→ **YOUR ASSIGNMENT**
The line with "joe biden no comment maui" marks the first line to copy, and the line with "un homme tu�" marks the last. Transcribe that stretch of the data below exactly, without pictures.

━━━ DATA EXTRACT ━━━

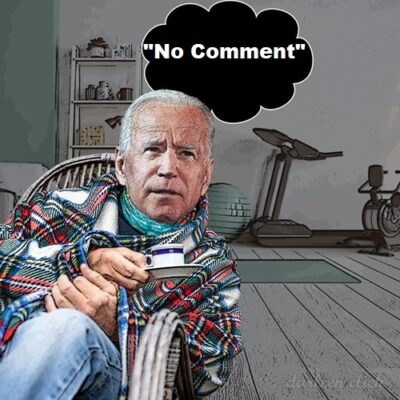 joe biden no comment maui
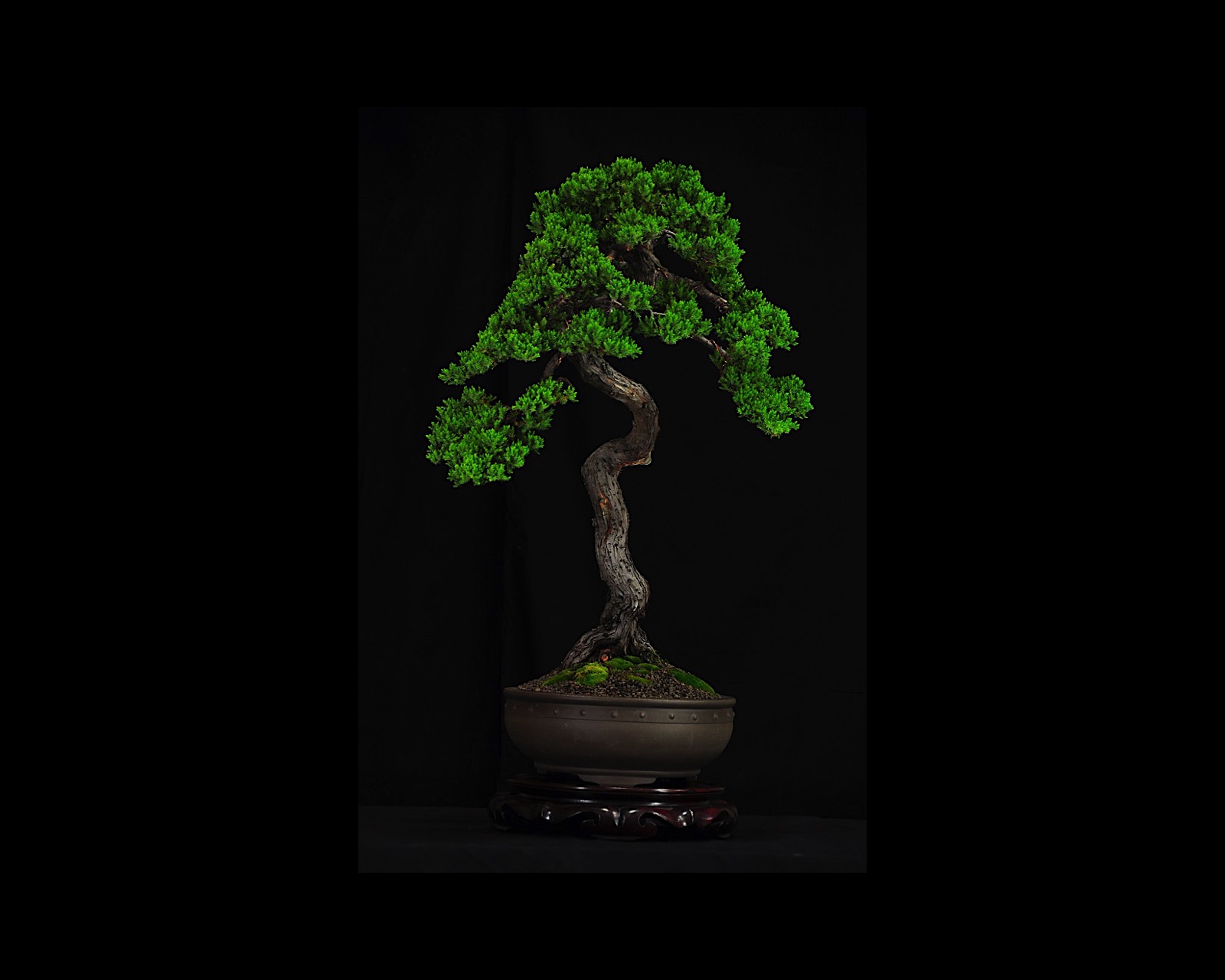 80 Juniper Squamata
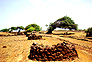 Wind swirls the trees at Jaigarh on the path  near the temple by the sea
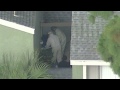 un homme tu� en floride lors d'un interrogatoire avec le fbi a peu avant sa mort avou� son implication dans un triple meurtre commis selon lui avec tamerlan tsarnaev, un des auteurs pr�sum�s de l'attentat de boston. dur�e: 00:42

━━━
━━━ DATA EXTRACT ━━━

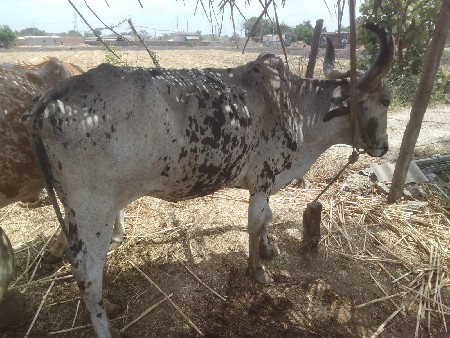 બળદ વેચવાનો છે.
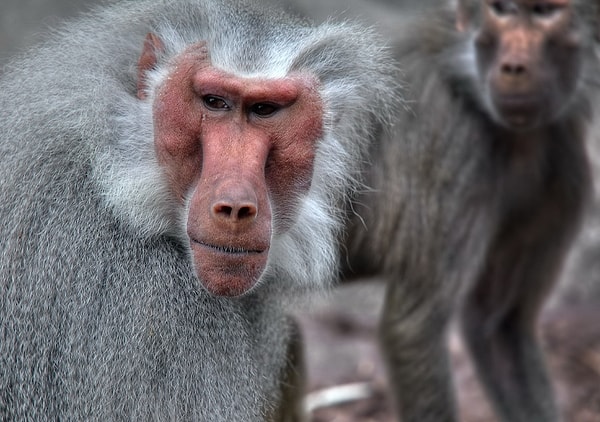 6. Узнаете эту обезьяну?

━━━

→ **REPLY**
 joe biden no comment maui
 80 Juniper Squamata
 Wind swirls the trees at Jaigarh on the path  near the temple by the sea
 un homme tu� en floride lors d'un interrogatoire avec le fbi a peu avant sa mort avou� son implication dans un triple meurtre commis selon lui avec tamerlan tsarnaev, un des auteurs pr�sum�s de l'attentat de boston. dur�e: 00:42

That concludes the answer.